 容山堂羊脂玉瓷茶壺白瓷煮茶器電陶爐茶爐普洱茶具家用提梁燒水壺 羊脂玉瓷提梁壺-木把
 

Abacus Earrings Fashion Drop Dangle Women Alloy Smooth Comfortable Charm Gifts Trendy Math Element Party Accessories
□ □ □ □
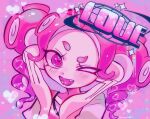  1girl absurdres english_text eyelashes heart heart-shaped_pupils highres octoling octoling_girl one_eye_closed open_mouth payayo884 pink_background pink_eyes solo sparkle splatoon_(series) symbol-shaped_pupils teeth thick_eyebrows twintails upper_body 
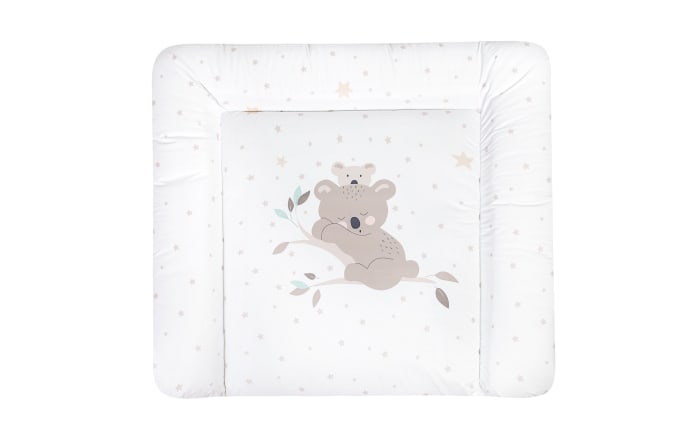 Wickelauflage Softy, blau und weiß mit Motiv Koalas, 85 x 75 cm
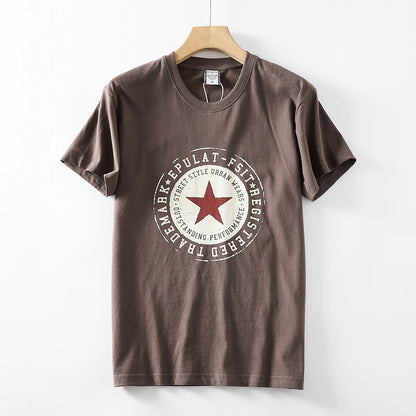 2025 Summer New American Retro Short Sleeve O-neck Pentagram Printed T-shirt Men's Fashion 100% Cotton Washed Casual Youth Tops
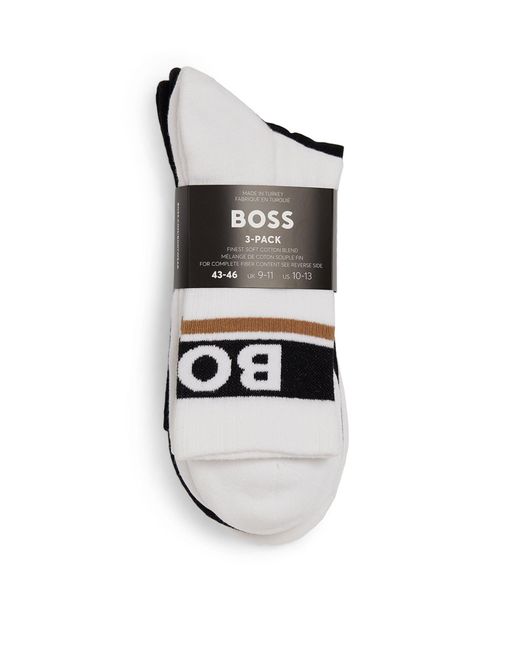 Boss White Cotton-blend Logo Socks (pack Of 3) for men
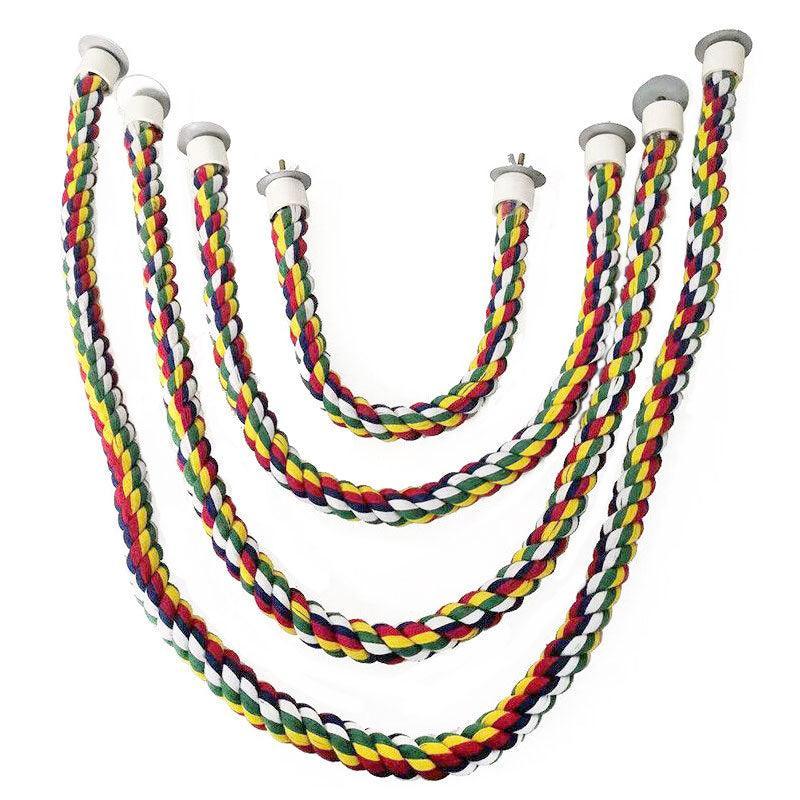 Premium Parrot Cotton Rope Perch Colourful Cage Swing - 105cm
□ □ □ □
▶ **Directions**: From the line that has "容山堂羊脂玉瓷茶壺白瓷煮茶器" through the line that has "Abacus Earrings Fashion", copy every line exactly as it appears above, and leave out all others.

▶ **Expected output**:
 容山堂羊脂玉瓷茶壺白瓷煮茶器電陶爐茶爐普洱茶具家用提梁燒水壺 羊脂玉瓷提梁壺-木把
 

Abacus Earrings Fashion Drop Dangle Women Alloy Smooth Comfortable Charm Gifts Trendy Math Element Party Accessories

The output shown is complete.